Para cumprir com o objetivo proposto, o artigo é dividido em quatro partes: na primeira, apresenta-se a formulação histórica do sistema de concurso público, evidenciando a sua vinculação com o modelo napoleônico de Poder Judiciário; na segunda, acompanham-se as alterações nesse modelo até a promulgação da Constituição de 1978; a terceira parte é destinada à análise das modificações efetivadas pela Constituição de 1978 no papel exigido do juiz, enquanto que a quarta parte analisa como essas novas exigências foram trabalhadas na legislação infraconstitucional subseqüente.


2. Criação do sistema de seleção e seus vínculos com o modelo napoleônico de Poder Judiciário

O sistema de seleção por oposiciones foi criado pela Ley orgánica provisional sobre organización del Poder Judicial de 15/09/1870. Essa lei, como a própria indicação de sua época pode nos evidenciar, continha grandes influências do que se convenciona chamar de modelo napoleônico de Poder Judiciário.

Esse modelo pode ser descrito, conforme aponta García Pascual (1997), como uma combinação da doutrina revolucionária francesa e da institucionalização de um quadro funcionarial técnico mais bem vinculado com a visão burocrática de Estado do que com as suas raízes revolucionárias e liberais.

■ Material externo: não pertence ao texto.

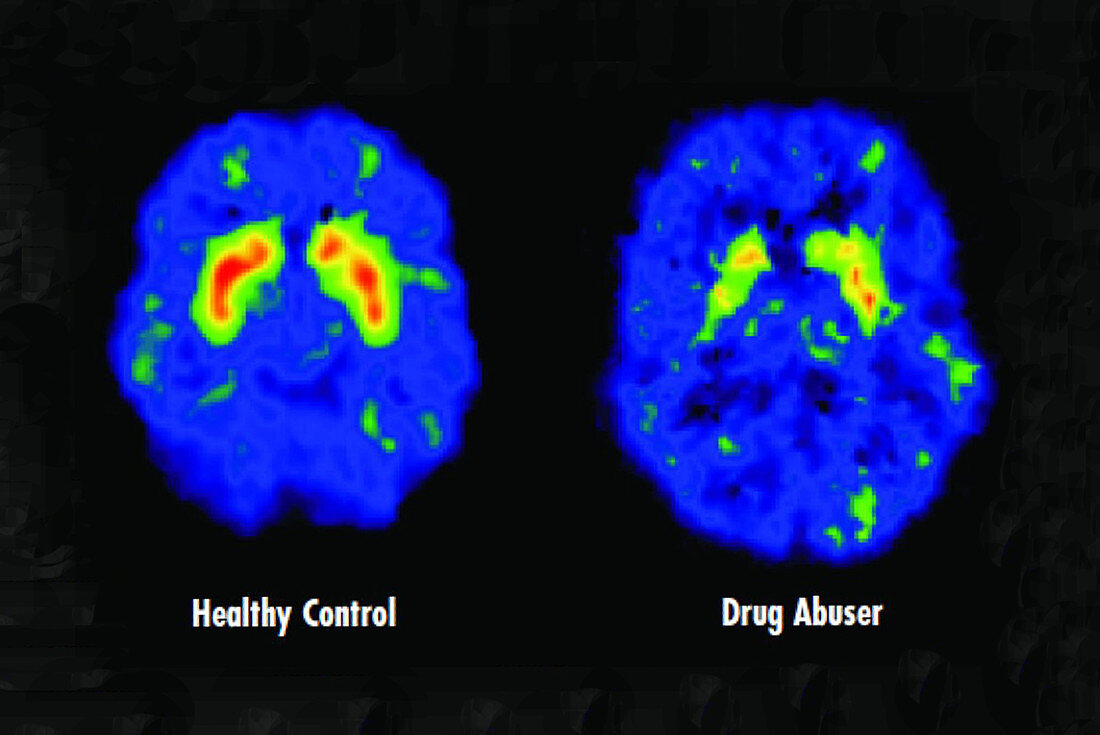 Healthy and Drug Abuser Brains,PET Scans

O juiz era entendido (e recrutado) para ser um funcionário do Estado encarregado da aplicação da legislação posta pelo Poder Legislativo. O controle de seu recrutamento e a administração da sua carreira vinha adstrita ao Poder Executivo, mostrando assim que, apesar da teoria de separação de poderes ser utilizada como lugar comum a designar a natureza e os vínculos entre os poderes do Estado, de fato o Poder Judiciário tinha pouco mais que o nome como poder efetivamente independente.

O quadro acima esboçado fica mais claro se observarmos que a experiência revolucionária francesa estava baseada em uma profunda desconfiança na atividade judicial, cuja arbitrariedade e venalidade procurará controlar de todos os modos [05], produzindo, quase paradoxalmente, uma dominação e um enfraquecimento do Poder Judicial em vão tentada pela monarquia absolutista. [06]

A caracterização de um juiz, portanto, seguia o que convencionalmente passou à tradição do pensamento jurídico como "juiz boca da lei", ou seja, um paradigma de atuação em tudo mecânico e subordinado à legalidade estrita, que garantiria a neutralidade e a apoliticidade (aparentes) necessárias ao bom funcionamento do Estado.

Se nos fixamos no modelo e nos perguntamos pelas causas que o explicam, teremos, como bem resume García Pascual (1997) um quadro que pode ser sinteticamente resumido como uma combinação dos seguintes fatores: a) a aparição dos códigos e das regras rígidas para a atividade interpretativa; b) a disseminação das categorias dogmáticas da doutrina, presentes, por exemplo, na Escola da Exegese; c) a subtração da atividade administrativa do Estado do âmbito de julgamento da jurisdição ordinária; d) a inclusão do Poder Judiciário no âmbito de controle do Poder Executivo.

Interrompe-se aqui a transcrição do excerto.